National Farmers Union president, Minette Batters, said: “The successful conclusion of a deal between the UK and EU is very positive news for British agriculture. The EU is our largest trading partner and we have been clear throughout negotiations that maintaining tariff-free access to the EU market is absolutely crucial for our food and farming industry, not only for farmers’ businesses and livelihoods, but for our ability to continue to provide a secure supply of quality, home-grown food for the nation.

“We will now analyse the details of this agreement to ensure it meets the needs of British food and farming. The tariff-free element will be a particular relief for farmers that rely heavily on the EU export market, such as our sheep farmers, as well as farmers across British agriculture that produce the safe, traceable and affordable food that underpins more than £14 billion worth of export sales each year to the EU.

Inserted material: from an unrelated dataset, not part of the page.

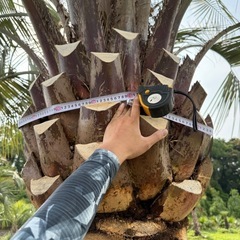 ココスヤシ　シルバーリーフ　極太 【配送・植え込み対応OK！引き取りも大歓迎】の画像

“It does remain the case though that our relationship with the EU will experience a fundamental change at the end of the transition period and we do anticipate that there will still be disruption to trade at the border. New checks, paperwork and requirements on traders will add costs and complexity. It is vital Government does all it can now to prioritise exports of our high quality, perishable agricultural products to make sure that these products are not left languishing in queues at the border when the changes take effect.”

“A deal avoids the certain collapse of key export markets and tariff-related price inflation for thousands of food lines.”

Commenting immediately after the announcement, Nick Allen, chief executive of the British Meat Processors Association (BMPA), added: “We have been given very scant information surrounding Third Country Listing Status by the Government, with the official communication stating only that the UK has ‘successfully applied for authorisation’. This absence of crucial information from both the European Commission and from our own Government is highly frustrating and ties one hand behind our back when it comes to being able to prepare for Brexit.

“Simply getting Third Country Listing Status is just the first part. It’s the missing details that will make the difference between trade or no trade with the EU in January.”

Cold Chain Federation (CCF) chief executive, Shane Brennan, added: “Cold chain businesses will breathe a sigh of relief today. A deal avoids the certain collapse of key export markets and tariff-related price inflation for thousands of food lines. Above all we hope it allows a spirit of collaboration in working out how the new systems, paperwork and border traffic flows will work.

“The real implementation period for this deal starts now. Businesses must renegotiate commercial deals, rethink supply lines, retrain staff and restructure businesses.

“I know that in time our economy will thrive, because our great food, pharma and logistics businesses will make sure it does, but our food chain will be slower, more complex and more expensive for months if not years. Brexit is not done, the real work starts now.”